▸ YOUR OBJECTIVE
Everything below from the line with "Македонска телевизия: Ново" through the line with "AUDI A4 Avant" should be copied exactly, and nothing else; leave out the pictures.

▸ PROVIDED DATA
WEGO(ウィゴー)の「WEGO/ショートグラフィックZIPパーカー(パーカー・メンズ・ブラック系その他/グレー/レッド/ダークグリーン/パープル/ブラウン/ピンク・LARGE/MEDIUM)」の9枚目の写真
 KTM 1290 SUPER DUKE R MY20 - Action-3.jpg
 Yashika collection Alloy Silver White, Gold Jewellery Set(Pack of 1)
* * *
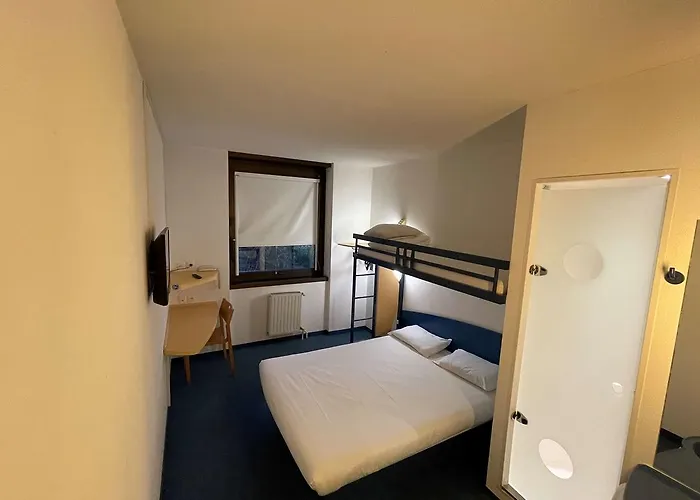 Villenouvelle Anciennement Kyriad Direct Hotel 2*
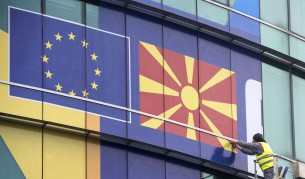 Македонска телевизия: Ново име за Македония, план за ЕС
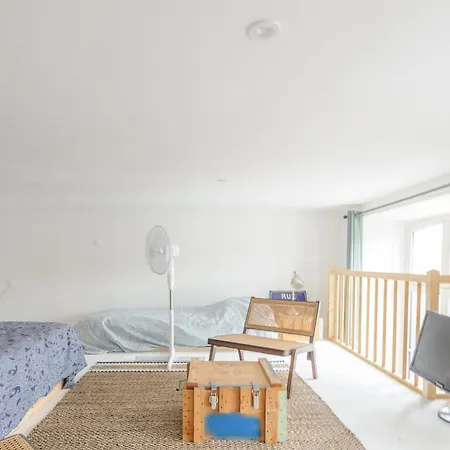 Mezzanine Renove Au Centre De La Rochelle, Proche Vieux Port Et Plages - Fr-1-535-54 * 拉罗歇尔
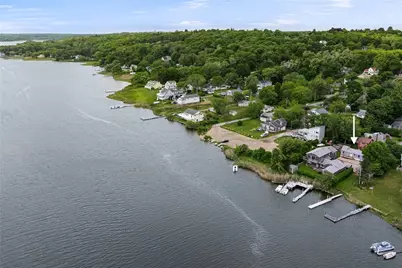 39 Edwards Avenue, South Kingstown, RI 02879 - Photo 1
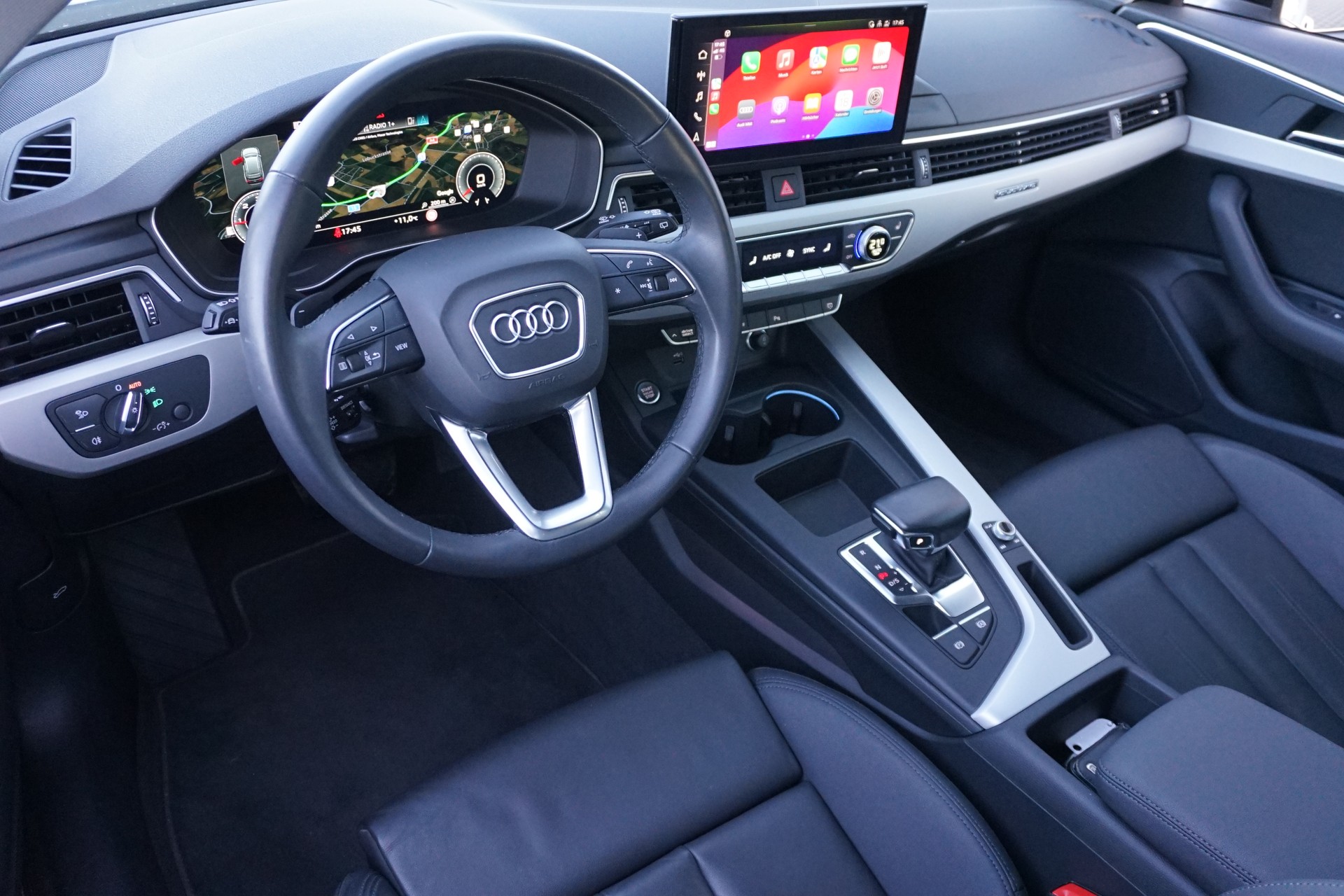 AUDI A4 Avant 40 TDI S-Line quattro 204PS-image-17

▸ SOLUTION FOR THIS EXERCISE
 Македонска телевизия: Ново име за Македония, план за ЕС
 Mezzanine Renove Au Centre De La Rochelle, Proche Vieux Port Et Plages - Fr-1-535-54 * 拉罗歇尔
 39 Edwards Avenue, South Kingstown, RI 02879 - Photo 1
 AUDI A4 Avant 40 TDI S-Line quattro 204PS-image-17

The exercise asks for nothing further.